Wer eine Hörminderung bemerkt, stellt sich oft schnell die Frage: Reicht ein Hörgerät nur für ein Ohr – oder sind Hörgeräte links und rechts sinnvoller? Die ehrliche Antwort lautet: Es gibt keine pauschal „richtige“ Lösung. Entscheidend sind Ihre Hörkurven, Ihr Alltag, Ihre Hörziele und manchmal auch praktische Faktoren wie Budget oder Bedienkomfort.

In diesem Artikel bekommen Sie eine klare Orientierung, wann ein Hörgerät einseitig sinnvoll ist, warum Hörgeräte für beide Ohren meist die bessere Wahl sind und welche Alternativen es bei einseitiger Taubheit gibt.

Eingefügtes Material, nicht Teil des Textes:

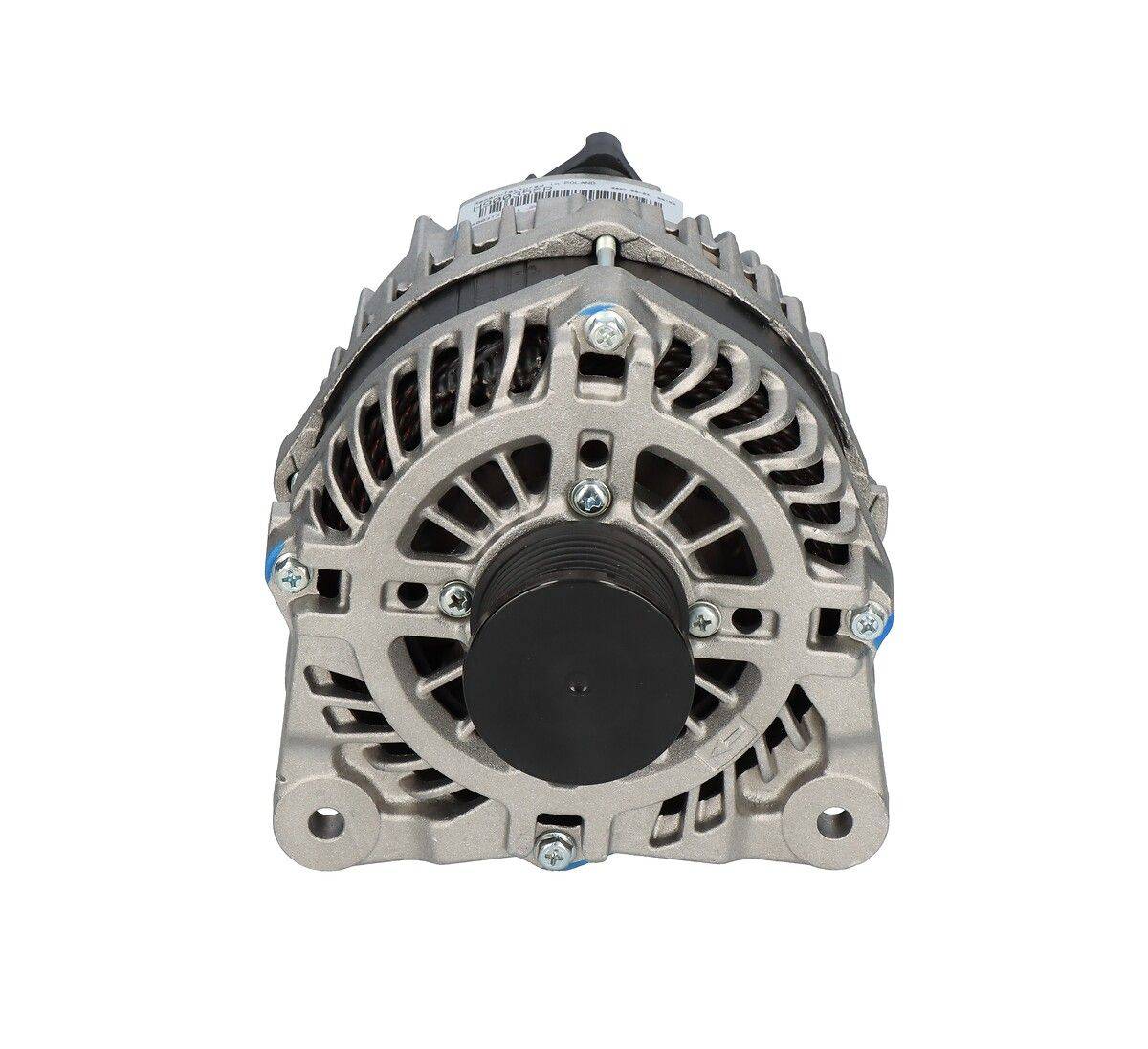 Valeo 443437 Generator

Warum die Entscheidung „ein oder zwei Hörgeräte“ so wichtig ist

Hören ist Teamwork: Ihr Gehirn verarbeitet die Signale beider Ohren gemeinsam. Genau dadurch entstehen Fähigkeiten, die viele erst vermissen, wenn sie nachlassen:

  • Richtungshören (Woher kommt ein Geräusch?).
  • Sprachverstehen in Gruppen und bei Hintergrundlärm.
  • Sicheres Wahrnehmen von Warnsignalen im Straßenverkehr oder Haushalt.

Wenn die Versorgung nicht zu Ihrer Situation passt, kann das zu Frust führen, obwohl die Technik eigentlich gut ist. Deshalb lohnt es sich, die Optionen bewusst abzuwägen.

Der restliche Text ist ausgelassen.